(Collected data entries)

-- -- --

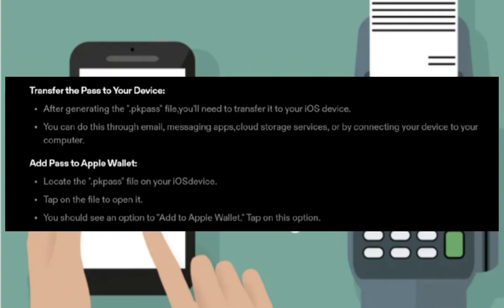Next is to transfer the pass to your device. After generating the .pkpass file, you'll need to transfer it to your iOS device. You can do this through email, messaging apps, cloud storage services, or by connecting your device to your computer.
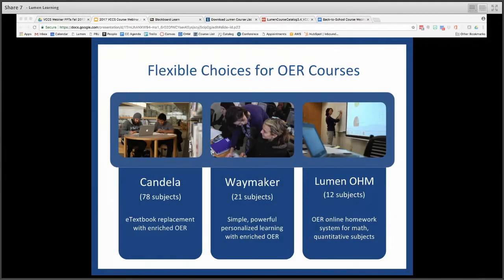As you may know, VCCS can adopt any of the three course types you see here: Candela, Waymaker — which we'll be taking a closer look at today — and OM, the Online Math solution. Each of these courseware types provides a number of options in different course areas. At the end of the presentation we'll loop back around and show you how you can get your own course in Blackboard that you can use starting this fall and beyond.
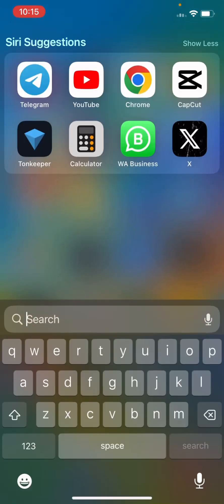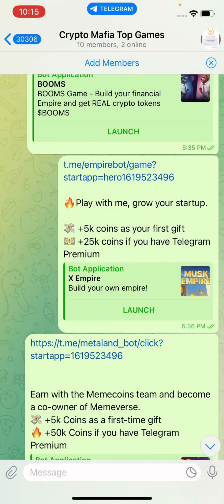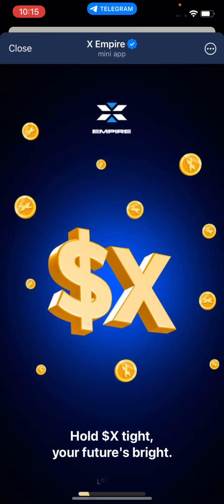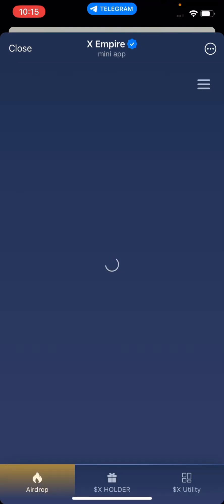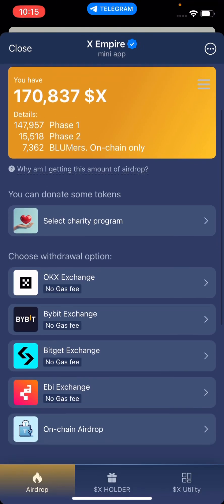Once you go to your X Empire, click on it. Scroll down and choose the exchange which you want to use.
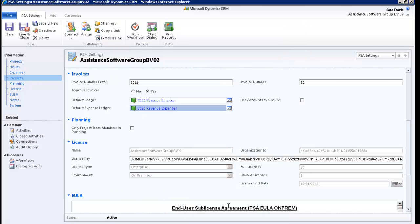For more details on the integration of PSA and your financial management solution, please refer to the installation document. The Use Account Tax Groups field is the last one of this section. It will allow you to assign specific tax groups to your accounts. These groups will overwrite the tax group selected at the project item level. Note that you will need to modify your accounts layout in order to display the tax field in the screen.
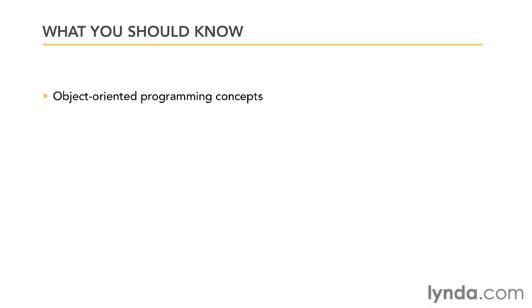But the one thing you're definitely going to want to have is some object-oriented programming experience. Android makes heavy use of these concepts, so knowing what a class is, knowing what inheritance is, these are going to be vital to your success with Android.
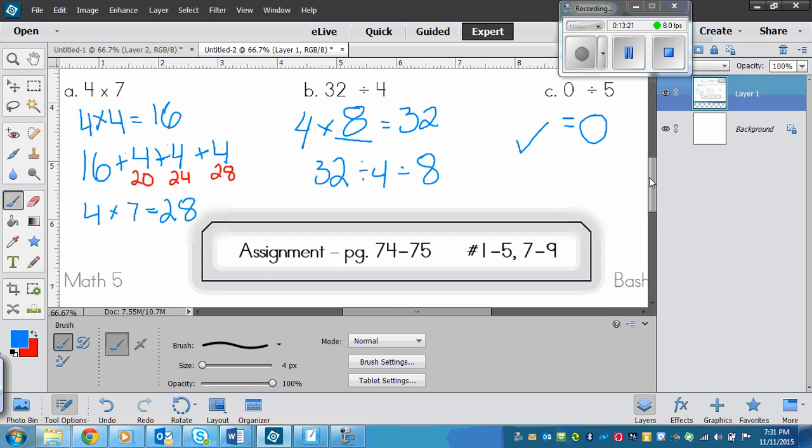Here's your assignment. Page 74 to 75. Numbers one to five and seven to nine.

-- -- --

The task: Taking the records above, print only and exactly the lines from the line with "Once you go" to the line with "For more details", both kept, and exclude pictures.

Problem solution:
Once you go to your X Empire, click on it. Scroll down and choose the exchange which you want to use.
For more details on the integration of PSA and your financial management solution, please refer to the installation document. The Use Account Tax Groups field is the last one of this section. It will allow you to assign specific tax groups to your accounts. These groups will overwrite the tax group selected at the project item level. Note that you will need to modify your accounts layout in order to display the tax field in the screen.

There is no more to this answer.